キューバを知る会・大阪 キューバンファイブのページ
「対テロ戦争」の欺瞞を暴く「キューバン・ファイヴ」解放運動(署名事務局)

2009年10月2日
リブ・イン・ピース☆9+25


 9月17日、キューバ大使館で5人のキューバ人の釈放を訴える記者会見が行なわれました。朝日新聞や毎日新聞、NHK、キューバとの友好団体なども取材に詰めかけ、約20名の参加でした。 今回の記者会見の意図は―米国の大統領がブッシュからオバマに変わり、オバマは国際世論に耳を傾けると内外に約束しました。

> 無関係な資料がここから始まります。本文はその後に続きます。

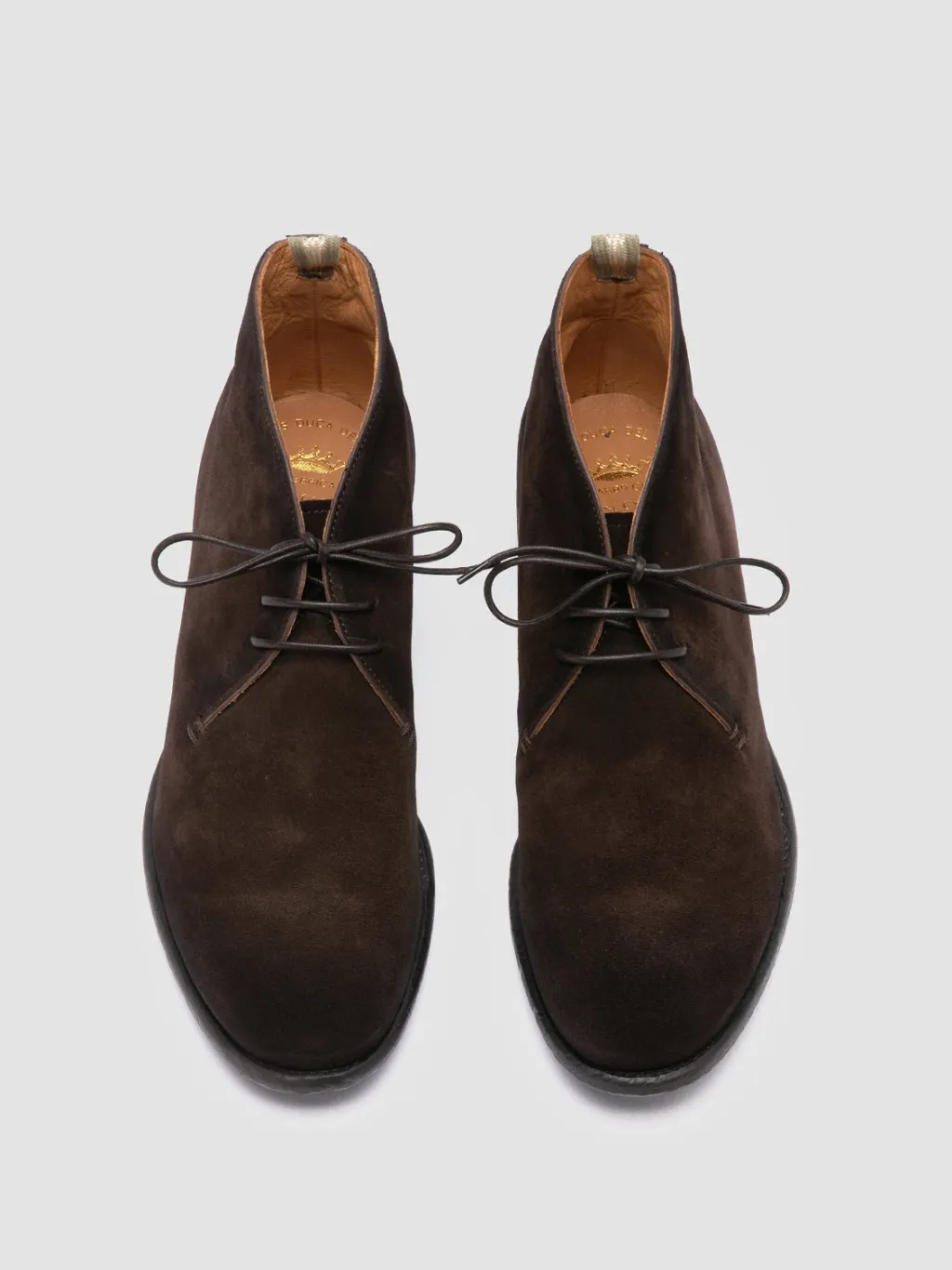 Officine Creative CETON 685 - Brown Suede Chukka Boots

そこで、5人のキューバ人の問題を国際的に知ってもらい各国から5人のキューバ人の釈放の声をオバマに届けるということが非常に重要な局面になってきている、そこで日本の人たちにもよく知ってもらうために記者会見を開いたといいます。大使館がこの問題で記者会見を開くのは初めてのことであり、キューバ政府のこの問題への取り組みへの強い決意を感じました。
 キューバンファイブとは、米国に10年以上も不当に囚われている5人のキューバ人のことをいいます。記者会見ではキューバ大使と矢田部弁護士からキューバンファイブのことと彼ら5人の釈放を求める連邦裁判所(日本でいう最高裁判所)に再審を訴える等の各国の取り組みが紹介されました。日本の民主的な弁護士の団体や人権擁護団体もその一翼を担っていました。

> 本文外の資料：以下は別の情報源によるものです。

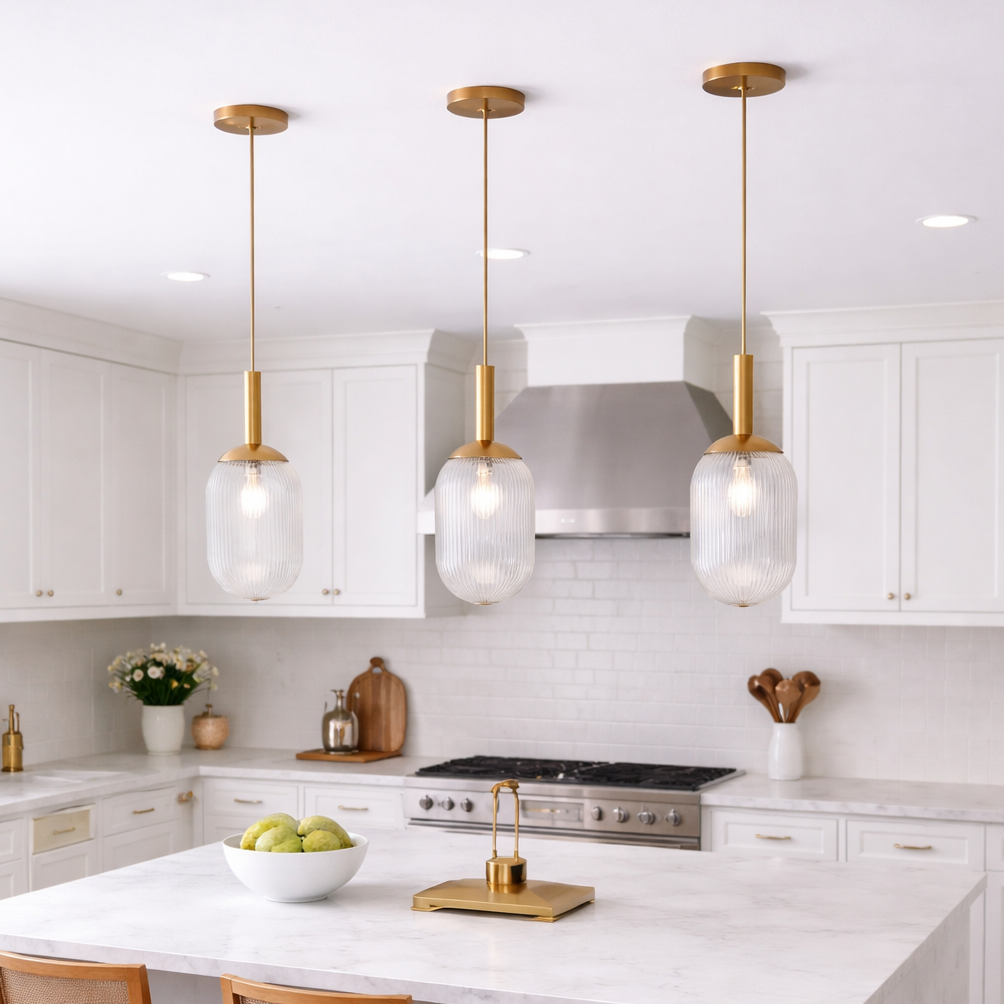 Dover Pendant Lamp - Bronze and Clear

 各国の取り組みは、政治的でなく、法的根拠をもとに技術的に訴えるアミカスキュリエというしくみを利用した意見書を米国の最高裁に送ることでした。日本や各国の弁護士や国会議員はそれぞれの立場からアミカスキュリエに参加し書類にサインをしました。
 しかし、6月15日米国の最高裁は再審を却下しました。米国の裁判は非常に複雑であるが故にいろんな道が残されていて、もう一度最高裁に再審を訴える方法の研究をしています。
 大使は「1番キューバ側にとって重要なのは、サイレンスカーテンを破るというような方向で進めることです」と言われました。その理由について「(米国側は)この問題では、何しろ知らせない。みんなを黙らせる、そういう方向で進められてきましたので、『サイレンスを破る』という闘いが必要なのです。」

 矢田部弁護士は、キューバンファイブの不当な判決と手続きについて話をされました。
話の大筋は以下です。
 彼ら5人の罪状はスパイ罪の共謀と殺人罪の共謀。しかし、どの罪状も彼らには当てはまらない。スパイ罪に関しては、彼らは決して米国の軍事機密を探り米国にとって脅威となることを目的としたのではなく、ただただキューバを守るため、それだけ。
 殺人罪に関しては、当時、キューバ領空を米国の民間飛行機が何度もやってきては、嫌がらせのビラなどをまいていた。再三警告を繰り返し、米国にも通告したが、米国は座視しただけ。それでキューバ空軍がその飛行機を撃墜した。4人が亡くなった。キューバ空軍の行動は、領空侵犯を犯した他国の飛行機に対する国権を発動した自衛行動で、国際法的には常識的でキューバ空軍は何の罰則も受けなかった。実行者が罪に問われていないのに、共謀者だけが殺人罪に問われるというのもおかしな話。
 また、手続上の不当さも3つある。
 1つ目は、マイアミで行なわれた裁判は土地柄「公正な陪審員」とはならないので裁判の場所が適していない。2つ目、弁護人の選任が適切に行なわれず、接見が十分にないまま裁判が進行した。弁護人の援助を受ける権利が大きく阻害されている(これは、米国の修正憲法第6条や国際人権規約14条に違反)。3つ目は「適正手続き保障」。検察側、捜索機関が収集した証拠を開示しなければならない、法廷でそれを明らかにしなければならないとされているがこの事件は証拠が不開示。国家安全保障上の事件だからという名目で証拠開示がされていない。
 また、在日キューバ人協会からは、不当に収監されている5人のキューバ人に対して正義が行なわれるよう求める訴えと11年に渡る残酷な拘留の間、レネとヘラルドの妻に対して面会が拒否されてきたことはさらなる人権の侵害だという発言もあった。

 キューバンファイブの1人、ヘラルドは妻にこんな手紙を送っています。
「私は安心している。無罪であるが故の安心感。清潔な意識を持ち、自分が不正義の犠牲者であることを知っているから。いずれ真実が勝利し、正義がおこなわれるだろうと確信している。しかし時にそれは容易ではないことを知っているので、もしそうでなかったとしても私の姿勢はいつも同じだということを君は確信していて大丈夫だ。闘い守るべき大義があるとき、守るべき人々があり、我々を支える家族があり、我々が愛し我々を愛する人がいるとき、それを裏切ることなどできないとき、どんな困難にあっても、どんなことにでも、世界中で最も大きな安心感と尊厳を持って立ち向かうことができる。」 (キューバンファイブのパンフレットより)

 現在、10月13日に3人の再判決がでること、11月には「米帝国の囚人5人の自由を求める第5回国際会議」がキューバ・オルギン市であり、技術的に法律的に何ができるかを討議する予定だそうです。
 この会見で、本当の正義や、本当の公正さがないがしろにされてきた現実を知ることができました。そしてサイレンスを破りたい、キューバンファイブのことを広く伝えたい、と思いました。